The Wallabies beating New Zealand in Brisbane to square the ledger from a belting the week before was one thing, but Argentina’s stunning win over the All Blacks in Sydney a week later was something else again.
Now, with the Pumas and Wallabies playing out a tryless draw in Newcastle, it’s all locked up with two games to play. It wasn’t the case last week, but the competition is anybody’s once again.
So what are the scenarios involved for each of the three nations to take home the Tri Nations trophy? Who needs to do what to claim the piece of southern hemisphere rugby silverware?
Here are the current standings:
Neither Argentina nor Australia coming away with maximum points means New Zealand currently hold onto top spot.
Their six points came via the bonus-point win over the Wallabies in Sydney, and the bonus-point loss to Australia the following week in Brisbane.
The All Blacks have a strong points differential of +26, with the 38-point win in Sydney largely responsible for that. The two- and ten-point losses that followed have dented their for-and-against, but it’s far from terminal. It’s hard to see tries scored being required for calculations, but New Zealand’s 11 is unlikely to be caught by the other two teams.
The equation, therefore, is simple enough: an All Blacks win over Argentina in Newcastle on Saturday will push them to ten points, and 11 with a bonus point.
That extra point could prove helpful, with Australia having only one game to come as well, as a five-point gap and significantly worse for-and-against will be difficult to haul in. It’d effectively seal the title this weekend.
Los Pumas are the biggest threat to another All Black title, simply because of the game in hand.
Argentina’s six points come courtesy of the win over New Zealand, and the two points for the draw with Australia on the weekend in Newcastle.
The Pumas have the best defensive record currently, conceding just two tries and only 30 points in total across their two games.
Their for-and-against sits at +10: the winning margin over the All Blacks.
Wins in both remaining games would obviously be the easiest way for Argentina to claim the Tri Nations, and on current form, that doesn’t seem as unlikely as it might have been two weeks ago.
One win may not be enough, however.
Even if they beat New Zealand again this weekend, they may not prevent Australia overtaking them with a bonus-point win the following week.
More likely, perhaps, would be if they were able to take a losing bonus point out of the All Blacks game this weekend, which would also ensure they remained within four points of New Zealand.
This would then open up a shot at the title with a bonus-point win over Australia in the final round.
However, the assumption in all this is that the Pumas can find ways of creating tries, something they’ve not shown a lot of evidence of in their two games to date.
Nicolas Sanchez’s five-pointer against New Zealand remains their one and only for the competition and it had a large degree of good luck rather than good management about it.
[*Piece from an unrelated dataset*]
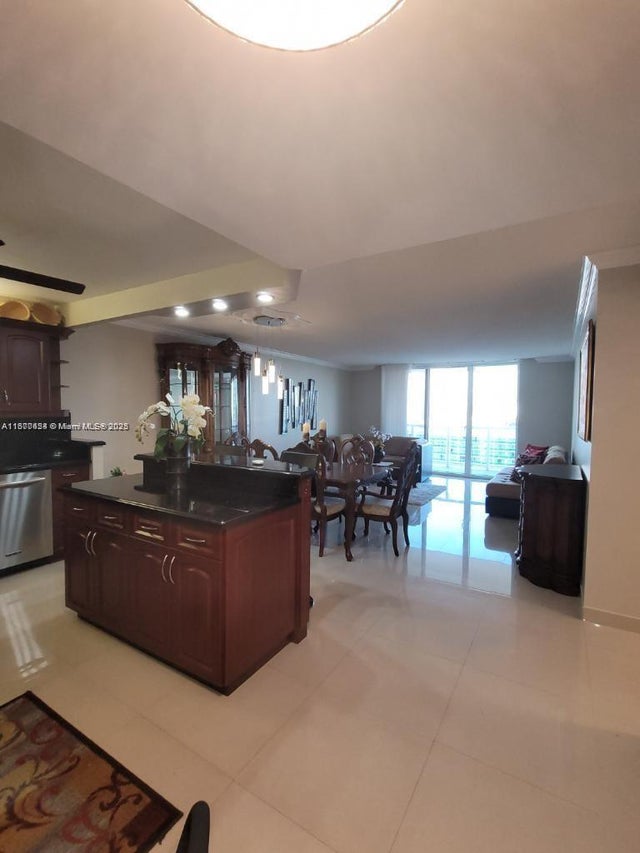 2 of 41 - 3800 S Ocean Dr 1407, Hollywood, FL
They didn’t look like threatening the Wallabies’ line in Newcastle, and have barely been sighted in the opposition 22 in their last 120 minutes of Test rugby.
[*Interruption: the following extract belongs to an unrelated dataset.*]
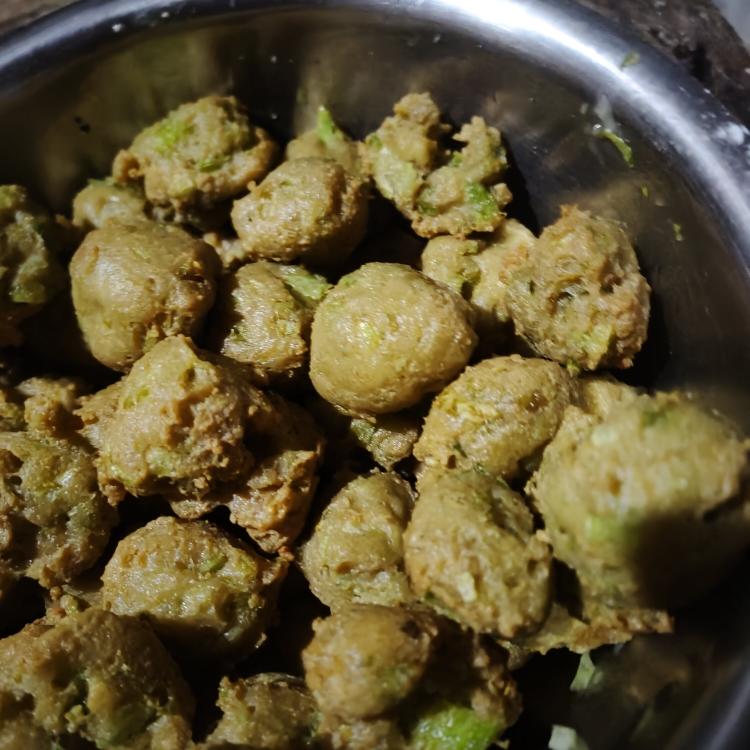 十斤牛肉都不换的清香豆腐翡翠丸子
The Wallabies’ equation is similarly as clear as New Zealand’s, though they will at least have the benefit of playing the last game and knowing exactly what is needed before kick-off.
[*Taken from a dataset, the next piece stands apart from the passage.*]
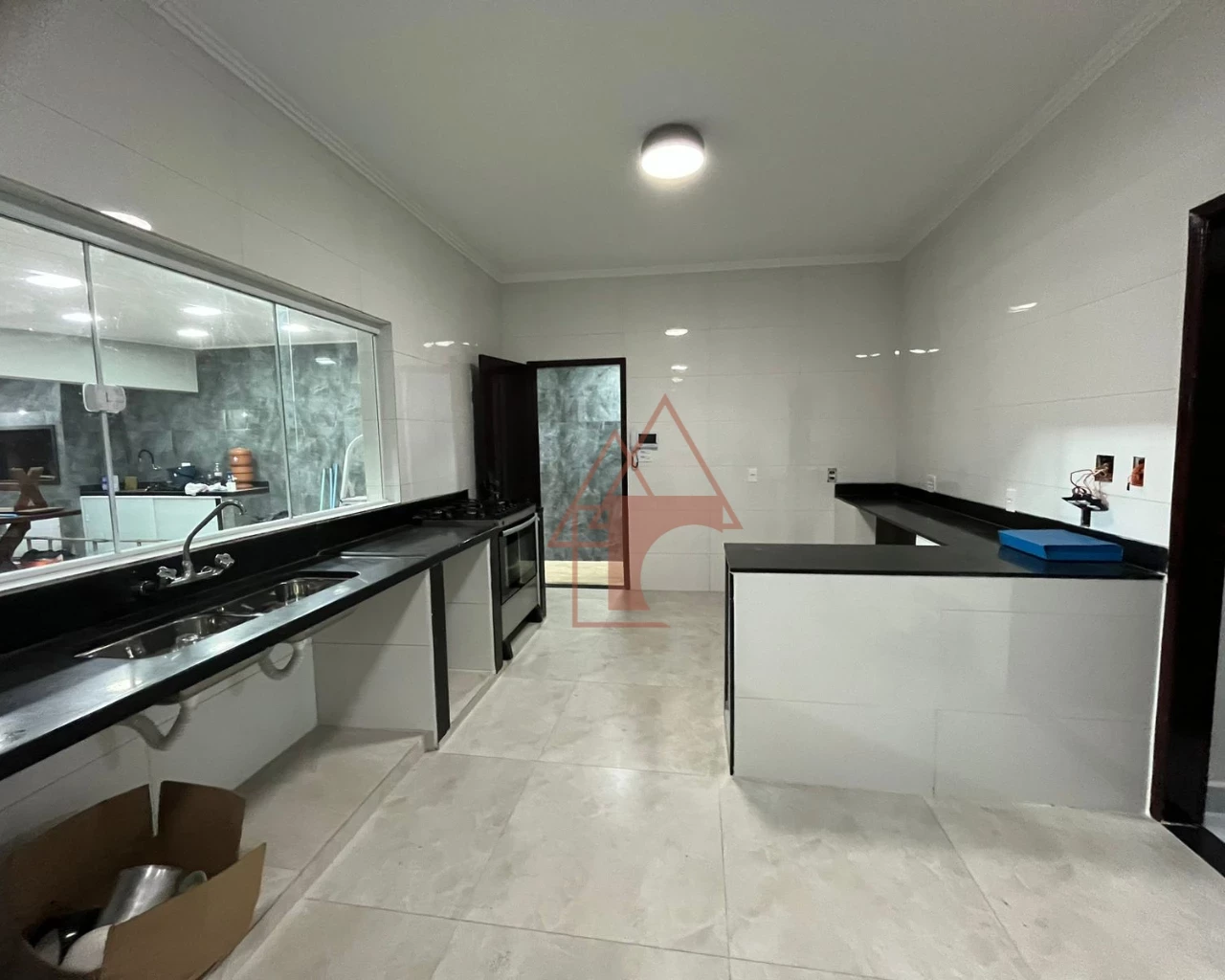 Imagem Casa com 4 Quartos à Venda, 230 m² em Jardim Casqueiro - Cubatão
Like Argentina, Australia’s six points also come via their win over New Zealand in Brisbane, and the two points for the draw with the Pumas in Newcastle.
Their defensive record isn’t great, however, conceding nine tries and 80 points in three games, for just 44 scored themselves. A differential of -36 will need a monumentally magic night out to turn positive in just one game.
From a Wallabies point of view, it won’t really matter who of the All Blacks and Pumas win this weekend, only that neither do it with a bonus point.
This would therefore maintain the gap at no more than four points, and open up the chance to finish on top with a bonus-point win over Argentina in the final game.
A New Zealand bonus point this week would quite likely kill off the Wallabies’ hopes with as big a margin in the points differentials as currently exists.
In fact, from a Wallabies point of view, the best result this weekend in Newcastle would be an Argentina-New Zealand draw!
The way this international season has played out to date, you couldn’t rule it out.